Let's talk briefly about some traditional approaches:

  • Stacked PRs: A common attempt to orchestrate coordinated merges across multiple repos. Yet, it becomes cumbersome at scale, adding tooling to solve tooling problems—a classic anti-pattern.
  • Git Submodules: Just don't. Ask anyone who's used them, and you'll quickly hear horror stories of endless frustration.

Enter the Monorepo

A monorepo simplifies the developer experience significantly:

  • Single PRs can modify multiple components across the stack.
  • Simplifies CI/CD pipelines.
  • Reduces the need for complicated orchestration.

Yet, even with a monorepo, managing changes to and from external or internal dependencies remains challenging. You must still deal with synchronizing your changes with external repositories.

Git Subtrees: The Middle Path

At TestifySec, when I joined as Director of Platform Engineering, we faced a daunting situation: polyrepos everywhere, unclear dependency boundaries, and a painful development cycle. With our seed funding on the horizon and a new engineering team incoming, it was imperative to streamline this immediately.

My solution? A monorepo powered by git subtrees.

Here's how I structured it:

  • Root-level directories for domain-specific code: /web, /judge-api, /infra, /cd
  • All external/internal dependency repos included under /subtrees/*.

This provided clarity—anything under /subtrees/ was explicitly recognized as distributed code, deserving extra attention.

Benefits of Git Subtrees

  1. Single PR Across Multiple Components: One PR could span infrastructure, API changes, frontend updates, and third-party patches.
  2. Clear Dependency Management: Subtrees let us merge external repositories cleanly into the monorepo without the complexities or pitfalls of submodules.
  3. Deferred Upstreaming/Downstreaming: We could temporarily ignore syncing changes upstream/downstream. Junior engineers could contribute immediately, and more senior members could handle integration later.

Handling External Dependencies

We identified three types of subtree management patterns:

  • Private internal repositories: Easy management—no external synchronization required.
  • Public open-source projects: Generally, you don't need to fork external repositories to manage them with subtrees. However, if you intend to upstream changes, introducing a fork can be beneficial. It creates a useful buffer zone, adds an additional layer of scrutiny, and provides an opportunity to keep certain changes private within your monorepo before selectively upstreaming.
  • Critical third-party dependencies: Incorporated into our monorepo directly, enabling rapid vulnerability patches without waiting on external maintainers.

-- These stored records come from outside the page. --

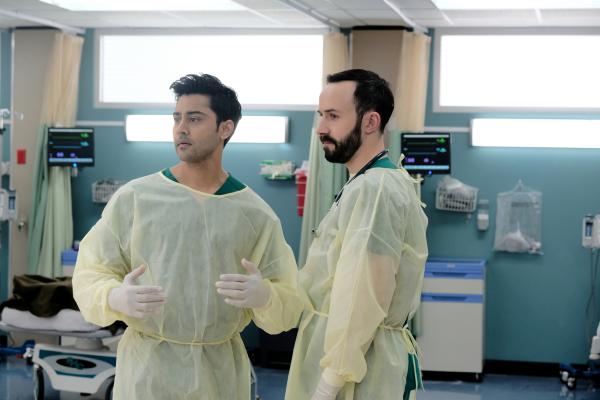 Bild 1 von 17: Dr. Devon Pravesh (Manish Dayal, l.); Dr. Irving Feldman (Tasso Feldman, r.)
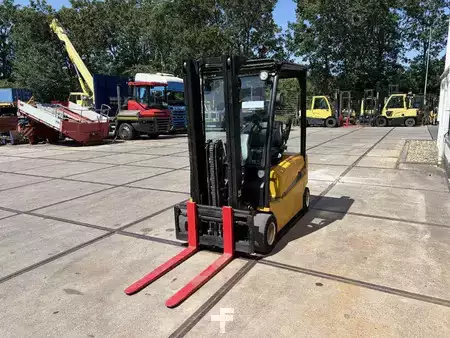 Carrelli elettrici 4 ruote 2010  Yale ERP 20 VF LWB 2000kg freelift heftruck (2702HOURS) (4)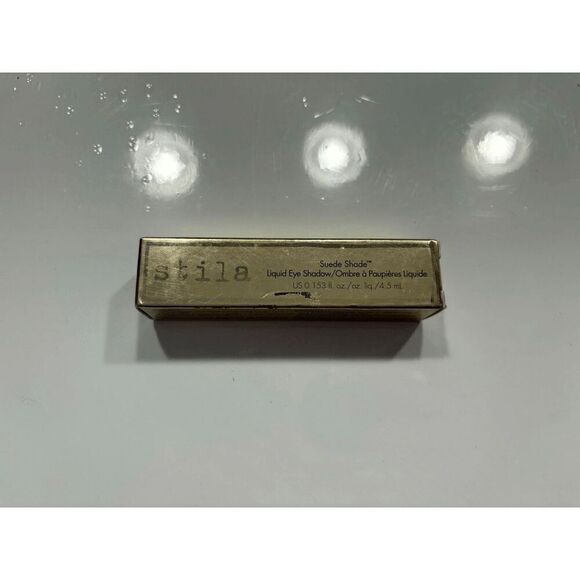 Stila Suede Shade Liquid Eye Shadow in Sheer Pewter - Picture 1 of 2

Automating Subtree Management

To further streamline the workflow, we scripted the git subtree commands into makefiles. For example:

make subtrees-pull-<subtree-name>
make subtrees-push-<subtree-name>

This simplified even the more intricate operations of syncing changes upstream and downstream.

Challenges and Workarounds

Git subtrees aren't without quirks:

  • Merge Commit Necessity: Subtrees inherently use merge commits, conflicting with our branch protection rules enforcing rebases.
  • Manual Rebase Simulation: This specific issue occurs only when someone merges to main before a downstream PR is completed. In this situation, a straightforward rebase can cause conflicts. Our painless workaround is simply starting fresh branches from main and running automated subtree pulls again. Importantly, this scenario can generally be avoided by coordinating PR merges, making manual rebasing an infrequent and minimal inconvenience.

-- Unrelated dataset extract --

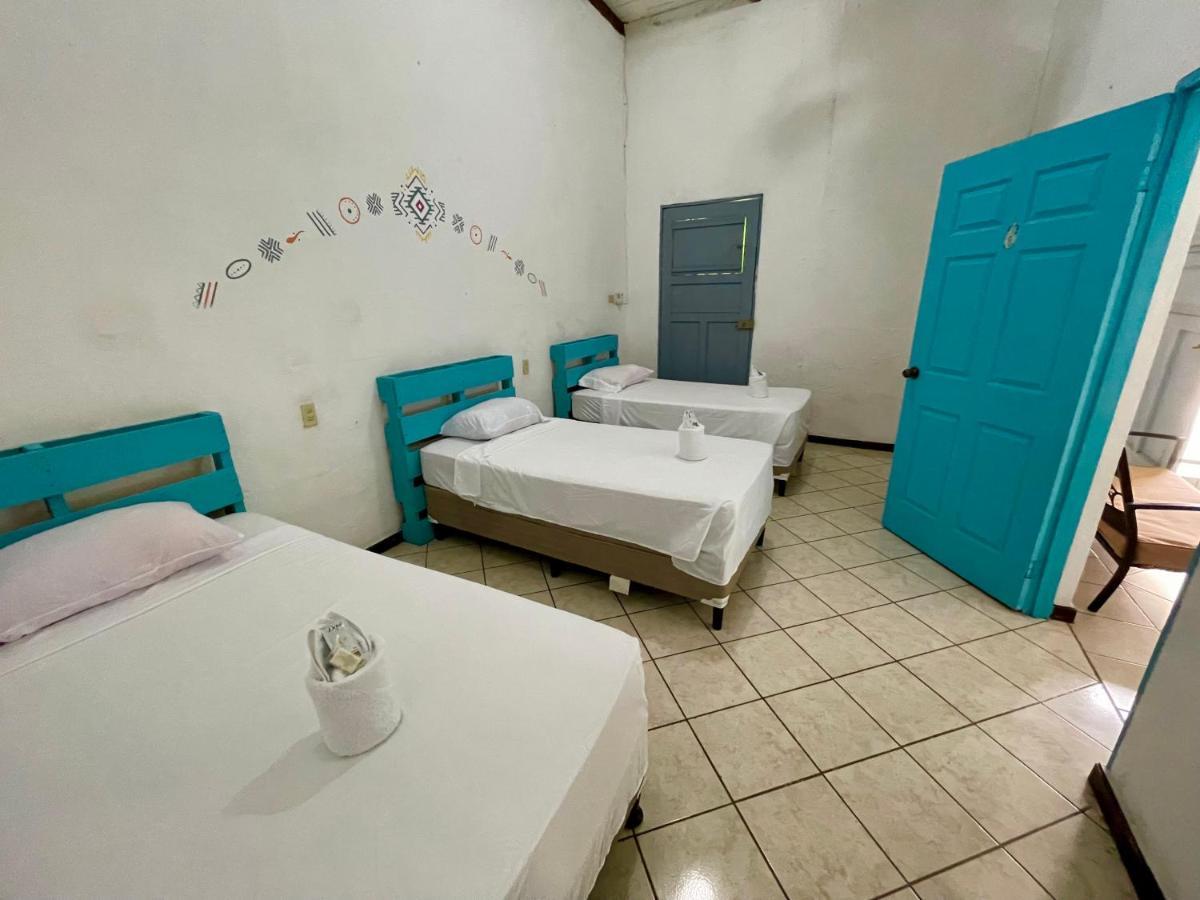 Hostal Inn 2 Флорес Екстер'єр фото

Despite these challenges, the subtree model significantly enhanced our workflow.

Impact at TestifySec

Implementing git subtrees within a monorepo radically improved our developer experience, accelerated feature development, simplified onboarding, and shortened the time to value. Our entire CI/CD infrastructure became simpler, and our ability to rapidly deliver high-value features dramatically increased.

This architecture was crucial when we faced aggressive deadlines, such as launching a public SaaS and achieving an AWS marketplace listing simultaneously within a 4-week sprint. Without our monorepo powered by git subtrees, these ambitious targets might have been unattainable.

Closing Thoughts

Git subtrees, combined with a carefully organized monorepo, offer an elegant, scalable solution to managing distributed code. If your organization struggles with the complexity of polyrepos and dependency management, consider giving git subtrees a try—you might just regain your sanity.